Thanks - I will definitely take this advice before pulling the pan. When hot, as soon as i hit the throttle pressure is up again 60lbs or so.
 

·
Registered
Joined
·
567 Posts
Discussion Starter #22
Notice the dominator and factory SS hood. I may be regretting no air filter!

I was already going to pull the transmission because of a leaking seal, might as well disassemble it all :)
 

·
Super Moderator
Joined
·
12,634 Posts
Notice the dominator and factory SS hood. I may be regretting no air filter!

I doubt that anything would go through the air cleaner and get into the oil pump. But still not a good idea to drive around on the street without an air filter.
 

·
Premium Member
Joined
·
4,913 Posts
The main thing to remember is that this is NOT normal.

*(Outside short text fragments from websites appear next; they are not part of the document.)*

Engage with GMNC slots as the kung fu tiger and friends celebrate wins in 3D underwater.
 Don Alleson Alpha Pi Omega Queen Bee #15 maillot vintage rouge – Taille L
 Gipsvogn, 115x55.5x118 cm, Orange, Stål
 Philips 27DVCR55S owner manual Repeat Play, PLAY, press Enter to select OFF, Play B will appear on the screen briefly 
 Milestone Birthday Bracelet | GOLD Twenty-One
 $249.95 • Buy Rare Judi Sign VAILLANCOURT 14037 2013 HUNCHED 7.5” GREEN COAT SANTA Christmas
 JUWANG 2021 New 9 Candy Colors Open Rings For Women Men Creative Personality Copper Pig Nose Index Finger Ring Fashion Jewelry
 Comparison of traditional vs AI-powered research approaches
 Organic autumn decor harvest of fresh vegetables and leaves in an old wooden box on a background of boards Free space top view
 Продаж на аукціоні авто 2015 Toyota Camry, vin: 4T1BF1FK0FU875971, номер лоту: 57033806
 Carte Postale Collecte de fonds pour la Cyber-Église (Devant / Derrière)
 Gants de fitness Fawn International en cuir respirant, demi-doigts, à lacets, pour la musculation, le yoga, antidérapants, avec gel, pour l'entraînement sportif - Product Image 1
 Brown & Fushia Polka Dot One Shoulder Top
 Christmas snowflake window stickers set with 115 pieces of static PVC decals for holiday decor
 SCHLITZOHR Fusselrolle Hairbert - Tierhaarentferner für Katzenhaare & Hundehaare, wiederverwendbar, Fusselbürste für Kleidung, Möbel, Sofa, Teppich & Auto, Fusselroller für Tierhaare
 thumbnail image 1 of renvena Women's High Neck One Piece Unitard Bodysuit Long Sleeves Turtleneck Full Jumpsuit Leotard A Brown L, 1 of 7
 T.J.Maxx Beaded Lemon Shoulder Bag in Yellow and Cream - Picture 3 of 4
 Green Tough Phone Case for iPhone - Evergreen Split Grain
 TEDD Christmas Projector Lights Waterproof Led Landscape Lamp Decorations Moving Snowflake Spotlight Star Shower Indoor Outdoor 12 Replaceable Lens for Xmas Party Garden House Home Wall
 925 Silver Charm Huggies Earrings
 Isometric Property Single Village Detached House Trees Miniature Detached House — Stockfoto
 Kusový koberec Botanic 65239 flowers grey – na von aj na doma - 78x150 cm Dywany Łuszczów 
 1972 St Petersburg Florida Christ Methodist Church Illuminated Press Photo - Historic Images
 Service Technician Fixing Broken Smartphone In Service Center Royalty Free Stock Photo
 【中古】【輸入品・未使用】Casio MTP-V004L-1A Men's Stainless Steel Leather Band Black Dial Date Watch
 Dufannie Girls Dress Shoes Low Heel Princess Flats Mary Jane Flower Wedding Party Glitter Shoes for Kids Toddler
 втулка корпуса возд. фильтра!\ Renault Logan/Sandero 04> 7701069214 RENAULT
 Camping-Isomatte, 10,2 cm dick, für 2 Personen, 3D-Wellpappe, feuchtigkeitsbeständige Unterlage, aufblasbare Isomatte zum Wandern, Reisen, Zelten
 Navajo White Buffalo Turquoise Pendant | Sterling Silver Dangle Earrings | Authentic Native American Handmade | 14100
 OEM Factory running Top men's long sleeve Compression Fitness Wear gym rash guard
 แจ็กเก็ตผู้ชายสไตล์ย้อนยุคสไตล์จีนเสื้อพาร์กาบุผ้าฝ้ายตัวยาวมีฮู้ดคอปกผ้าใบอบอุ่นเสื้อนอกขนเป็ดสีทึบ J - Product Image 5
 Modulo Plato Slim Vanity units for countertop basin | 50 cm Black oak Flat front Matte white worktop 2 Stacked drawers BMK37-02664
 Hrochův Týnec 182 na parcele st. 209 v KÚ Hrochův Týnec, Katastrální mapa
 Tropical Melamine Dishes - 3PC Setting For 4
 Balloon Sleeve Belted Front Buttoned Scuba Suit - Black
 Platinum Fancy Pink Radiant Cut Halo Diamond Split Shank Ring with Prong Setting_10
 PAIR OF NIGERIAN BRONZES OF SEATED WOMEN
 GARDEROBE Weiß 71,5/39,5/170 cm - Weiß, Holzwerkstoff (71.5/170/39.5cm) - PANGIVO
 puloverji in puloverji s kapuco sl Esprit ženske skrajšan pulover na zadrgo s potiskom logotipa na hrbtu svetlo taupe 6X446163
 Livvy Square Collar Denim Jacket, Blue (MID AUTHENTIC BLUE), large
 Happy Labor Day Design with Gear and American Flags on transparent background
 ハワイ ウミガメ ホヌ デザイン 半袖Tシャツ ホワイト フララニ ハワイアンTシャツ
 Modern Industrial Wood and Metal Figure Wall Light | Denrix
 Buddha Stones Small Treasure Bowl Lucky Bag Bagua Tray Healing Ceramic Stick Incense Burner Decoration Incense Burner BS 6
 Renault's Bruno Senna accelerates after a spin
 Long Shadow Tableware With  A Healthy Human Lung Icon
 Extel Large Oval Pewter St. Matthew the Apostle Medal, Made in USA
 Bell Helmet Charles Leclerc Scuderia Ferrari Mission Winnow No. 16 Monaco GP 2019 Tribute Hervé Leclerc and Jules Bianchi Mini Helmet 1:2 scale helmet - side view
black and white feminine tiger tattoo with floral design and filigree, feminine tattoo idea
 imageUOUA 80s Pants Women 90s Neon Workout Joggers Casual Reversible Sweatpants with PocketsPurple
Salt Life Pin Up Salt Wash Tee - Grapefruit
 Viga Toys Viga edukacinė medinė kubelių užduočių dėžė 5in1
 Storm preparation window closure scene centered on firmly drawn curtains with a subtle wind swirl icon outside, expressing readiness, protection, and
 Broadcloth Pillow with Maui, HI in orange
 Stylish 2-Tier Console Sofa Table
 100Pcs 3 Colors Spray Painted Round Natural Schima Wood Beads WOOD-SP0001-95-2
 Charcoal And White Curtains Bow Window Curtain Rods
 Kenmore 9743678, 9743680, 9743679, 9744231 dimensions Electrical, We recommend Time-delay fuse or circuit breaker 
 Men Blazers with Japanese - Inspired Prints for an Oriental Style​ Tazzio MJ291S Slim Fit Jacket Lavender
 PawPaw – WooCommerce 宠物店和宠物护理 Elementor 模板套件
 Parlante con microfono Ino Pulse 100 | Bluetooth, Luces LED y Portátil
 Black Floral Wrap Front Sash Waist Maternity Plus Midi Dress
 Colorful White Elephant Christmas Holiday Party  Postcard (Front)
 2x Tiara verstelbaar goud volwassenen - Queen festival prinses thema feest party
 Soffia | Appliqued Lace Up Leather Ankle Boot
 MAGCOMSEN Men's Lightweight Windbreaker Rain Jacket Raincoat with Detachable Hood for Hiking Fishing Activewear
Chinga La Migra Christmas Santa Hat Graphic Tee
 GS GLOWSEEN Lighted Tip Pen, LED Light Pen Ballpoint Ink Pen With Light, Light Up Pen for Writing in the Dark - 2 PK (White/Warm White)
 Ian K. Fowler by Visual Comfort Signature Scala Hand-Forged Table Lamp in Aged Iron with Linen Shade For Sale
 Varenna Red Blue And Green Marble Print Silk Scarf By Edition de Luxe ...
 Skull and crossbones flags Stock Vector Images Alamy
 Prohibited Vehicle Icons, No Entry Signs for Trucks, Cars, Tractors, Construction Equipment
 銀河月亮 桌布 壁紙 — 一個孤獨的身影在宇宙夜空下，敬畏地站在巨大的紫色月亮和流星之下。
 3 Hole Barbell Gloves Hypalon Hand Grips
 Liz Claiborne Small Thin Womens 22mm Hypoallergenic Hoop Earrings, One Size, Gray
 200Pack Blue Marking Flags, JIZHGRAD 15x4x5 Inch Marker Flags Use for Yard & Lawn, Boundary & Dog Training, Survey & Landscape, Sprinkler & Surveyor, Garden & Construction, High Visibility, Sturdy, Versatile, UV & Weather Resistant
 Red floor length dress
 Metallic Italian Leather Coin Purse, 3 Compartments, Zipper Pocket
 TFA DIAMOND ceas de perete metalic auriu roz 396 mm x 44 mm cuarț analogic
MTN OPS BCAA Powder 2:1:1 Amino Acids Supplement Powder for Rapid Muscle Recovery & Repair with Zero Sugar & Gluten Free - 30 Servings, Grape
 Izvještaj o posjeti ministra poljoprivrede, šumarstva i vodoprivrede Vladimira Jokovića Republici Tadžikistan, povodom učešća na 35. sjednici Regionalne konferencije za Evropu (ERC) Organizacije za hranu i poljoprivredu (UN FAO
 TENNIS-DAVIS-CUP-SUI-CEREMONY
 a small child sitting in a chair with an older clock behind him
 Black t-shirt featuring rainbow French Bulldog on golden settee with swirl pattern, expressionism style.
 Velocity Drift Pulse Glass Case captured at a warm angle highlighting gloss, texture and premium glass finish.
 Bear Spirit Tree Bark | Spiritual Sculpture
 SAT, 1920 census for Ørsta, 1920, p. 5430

Just about any engine will have a drop in oil pressure at idle, if it is at 60 psi at 2000 and above, expect around 25 at running temperature when idling.

If it is not the gage, get ready to pull the pan and find out what's going on.

The problem could be as simple as a stuck oil pump relief valve, or something as serious as a spun bearing.
 

·
Premium Member
Joined
·
1,712 Posts
Notice the dominator and factory SS hood. I may be regretting no air filter!
Yes you will! When I first did my 540 many moons ago, while doing 13 pulls on the engine dyno, we drained the oil and changed the filter twice. Then once in the car, I drained the oil again after about 100 miles of street driving. I took the oil and had it analyzed by a company that specialized in engine oil analysis. Everything was good except the level of silicon was higher than normal for the mileage on the motor. I asked them where the silicon would be from. They said its DIRT from inadequate air filtration. I was using an oiled K&N filter element! I contacted K&N. They told me it most likely was getting around the element and told me to put a light coat of grease where the element contacts the filter housing top and bottom. 12 years later upon tear down, everything looked real good.
You really should run a filter, especially for street driving.
 

·
Premium Member
Joined
·
305 Posts
It is the spring / valve in the oil pump itself . Remove pan , Remove pump . Remove the 5 bolts holing the pump cover on , drive the roll pin out that retains the spring and valve and check for debris.


Worst one I have seen was on a friends 396 , same description as yours , 60+ psi when RPM'ed , Zero at idle . Found a piece of wire from a wire cup brush lodged in the valve . Apparently he used that tool to clean gaskets when swapping intakes ........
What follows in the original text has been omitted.